Y todo quedó en silencio. Los hombres bajaban del Calvario dándose golpes de pecho, diciendo: Verdaderamente, éste era el Hijo de Dios. Enseguida se produjo un terremoto, saliendo de los sepulcros algunos muertos, el velo del templo se rasgó, el cielo se cubrió de tinieblas por completo, y toda la naturaleza gritaba y lloraba por la muerte de Jesús.
¡Oh Jesús! ¡Oh Cristo! Yo quiero dirigirme a ti también en nombre de todos, de todos estos hijos de tu redención, de todos estos que forman parte de la grey que me has encomendado. Y, en nombre de todos, yo te pido, Jesús Crucificado, que no bajes de la cruz, que no bajes. Te necesitamos ahí. Si Tú bajas, la cruz se queda vacía, y es muy dura de soportar. Pero viéndote a ti, tenemos fuerza para seguir caminando, para perdonar, para amar, para soportar nuestros propios clavos, porque nuestra vida también, Señor, está clavada, dulce y amorosamente clavada por tu ley, la ley del amor del Evangelio, que tú predicaste. No queremos desclavarnos de esa ley, pero nos cuesta y, viéndote a ti en la cruz, se nos hace más fácil.
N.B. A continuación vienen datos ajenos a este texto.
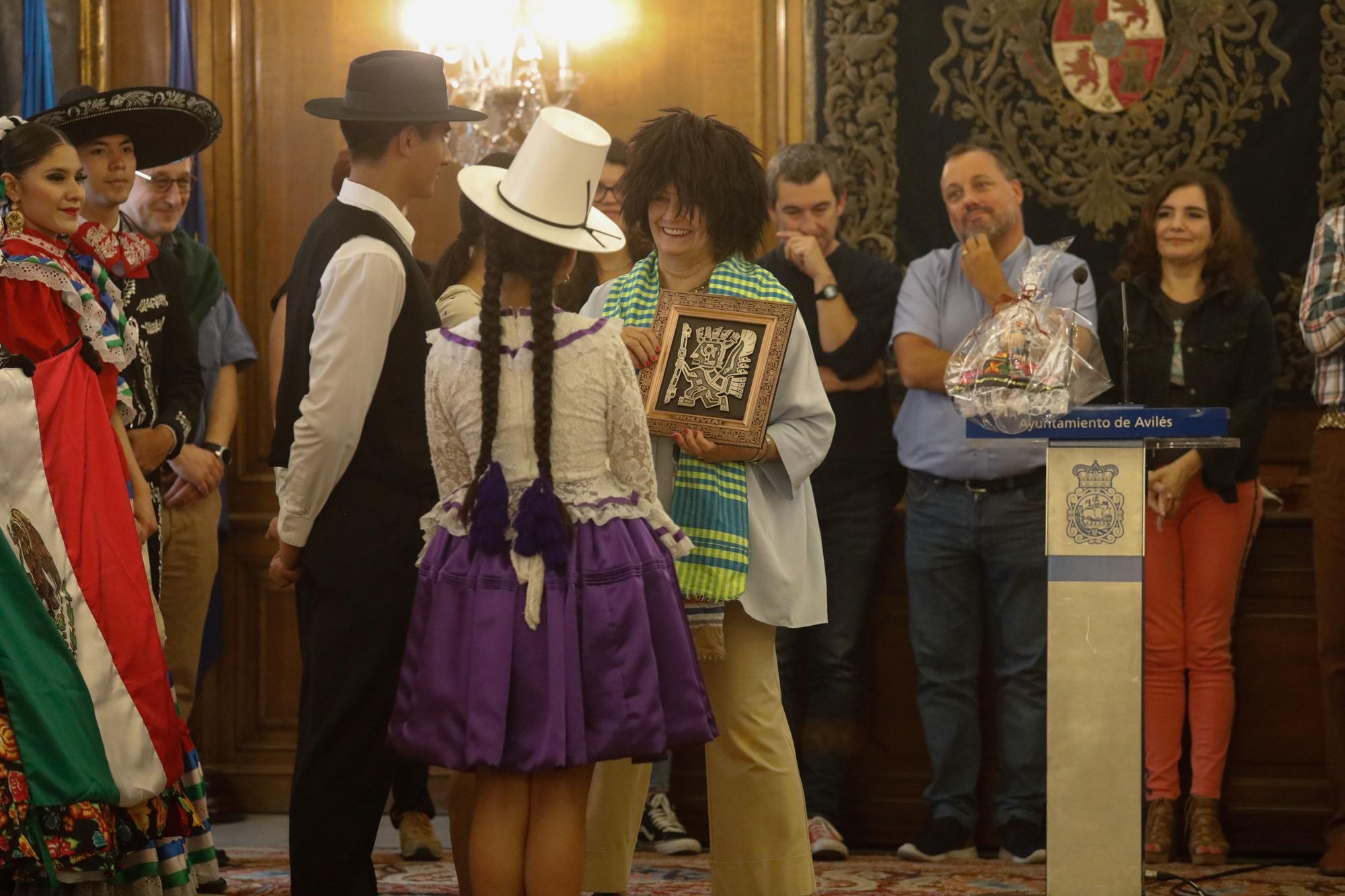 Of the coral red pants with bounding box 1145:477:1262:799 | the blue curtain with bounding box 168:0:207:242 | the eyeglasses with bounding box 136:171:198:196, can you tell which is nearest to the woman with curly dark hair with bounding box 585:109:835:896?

No bajes, Señor; no dejes la cruz. Yo sé que Tú, por ti, no bajarías. Si bajaste, fue porque desprendieron tu cuerpo de la cruz para ponerlo en el sepulcro. Pues bien, Señor, ahora te digo, sí que estás bien en el sepulcro, que también te necesito y te necesitamos en el sepulcro, porque nos espera a nosotros también un sepulcro, y tenemos miedo de esa sepultura. No nos espera la muerte así de un modo genérico e impersonal. Me espera la muerte a mí, a mí, que he de morir. Yo también iré a un sepulcro. Pero sé de antemano que por haber estado Tú en uno semejante al mío, ya no me será tan duro entrar allí cuando allí me depositen, porque, si entro, será para resucitar algún día, como Tú resucitaste, Señor; porque a ese sepulcro se le removió la piedra por fin, y Tú saliste de allí victorioso; y, fruto de esa resurrección tuya, será la resurrección mía.
¡Oh Cristo de la esperanza, del amor, del dolor, de la resurrección y de la vida! Sin ti, nada podemos hacer. No hay otros redentores. No sirven de nada las redenciones humanas. Las empleamos y utilizamos como instrumentos de colaboración en la historia de la vida; pero lo que nos da hondura y trascendencia, lo que nos marca el camino, lo que nos señala la meta definitiva, eres Tú, Cristo mío, Cristo nuestro, Hijo del Padre, redentor de todos. Hoy en todas las calles de todas las ciudades del mundo hay hombres que sufren, como los hubo ayer, como los habrá mañana. Pero, mira, se produce un acontecimiento doloroso, y de un modo o de otro, los hombres caen de rodillas en las calles, bien sea porque ha muerto asesinado un dirigente espiritual suyo, bien sea porque no saben a dónde acudir; rezan a la desesperada, como pasa en las guerras del Asia lejana, queriendo buscar una solución que los hombres no encuentran. Tú nos la has ofrecido. Sigue marcándonos el camino y acepta, en compensación de todas nuestras debilidades y traiciones, acepta el testimonio de nuestra fe viva, de nuestro amor perseverante, de nuestra adhesión fidelísima a ti, que queremos seguir nuestro camino llevados de la mano de tu Madre bendita.